Chart 1: S&P 500 Daily Timeframe (February to August 2017)
Despite it being a low volume, low volatility environment, yesterday's price action around this revived geopolitical trigger suggests investors aren't as complacent as they appear to be. In fact, with Tuesday's S&P500 candle posting a fresh yearly high before closing below Monday's low, a bearish daily key reversal is in place. We may have just established a short-term top.
The combination of a topping pattern in US stocks and the breakdown in USD/JPY - price has moved below last week's lows and has cleared out the rising trendline from the April and June 2017 lows - suggest that risk appetite is shifting into the 'risk off' position. Not only have AUD/JPY and NZD/JPY lost multi-month uptrends in the span of a few days, but even stalwart pairs like CAD/JPY and EUR/JPY have started to lose momentum.
Chart 2: EUR/JPY Daily Timeframe (December 2016 to August 2017)

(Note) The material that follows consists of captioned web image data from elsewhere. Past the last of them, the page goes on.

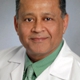 Dr. Ata Ulhaq, MD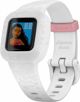 Έξυπνο βραχιόλι Garmin Vivofit Junior 3 Disney Λευκό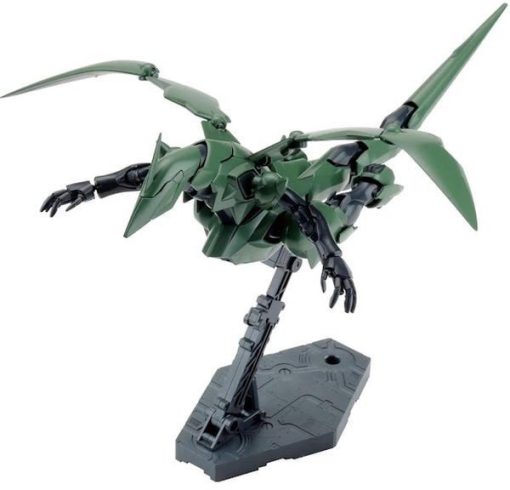 Gundam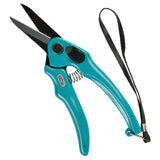 Pack double secateur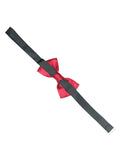 Bowtie for Men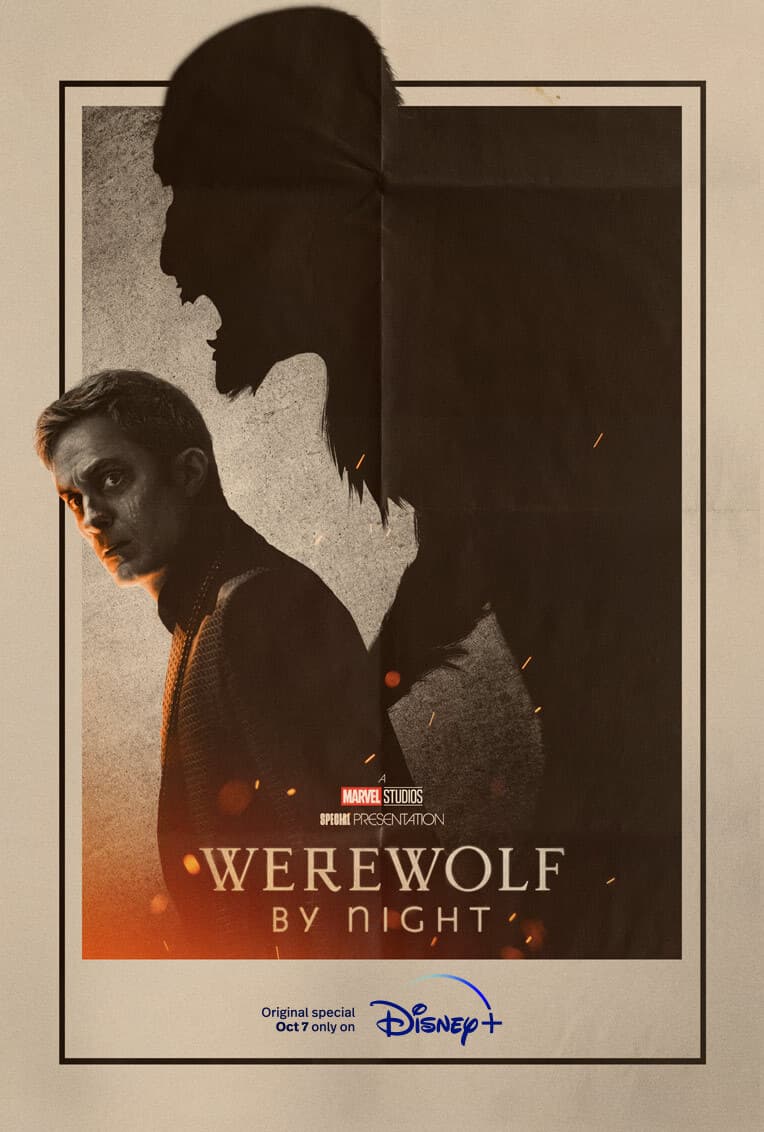 www.marvel.com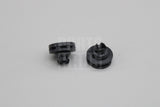 VW Golf MK7 Audi A3 8V hybrid battery pressure relief valve 5Q0998841B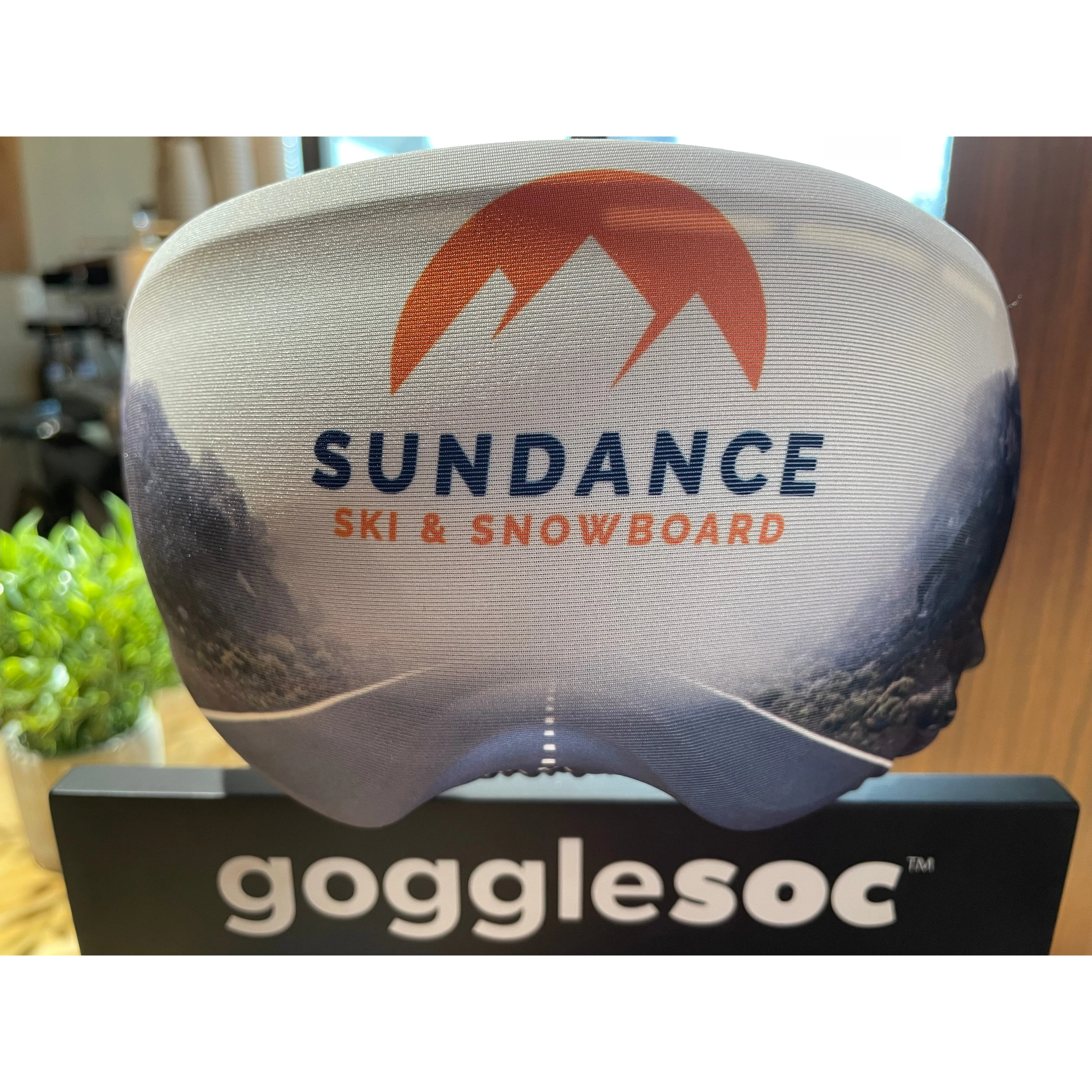 Goggle Soc - Image 14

EUR/JPY, which was a promising breakout candidate, appears to have failed and threatens a more significant breakdown from its symmetrical triangle and rising trendline from the April and June 2017 swing lows.
While it seems that there are legitimate reasons for the shift to a more risk averse mindset, the particular location of this geopolitical threat may mean investor preferences shift: any conflict with North Korea is likely to pull in Japan, so the Japanese Yen may not stay the preferred safe haven for long.
With the United States likely to be drawn into any conflict as well, don't be surprised if the recently battered Swiss Franc finds renewed appeal over the US Dollar and the Japanese Yen. If pairs like AUD/JPY, EUR/JPY, and NZD/JPY have been on your radar, it may be worth shifting attention to AUD/CHF, EUR/CHF, and NZD/CHF in the near-term.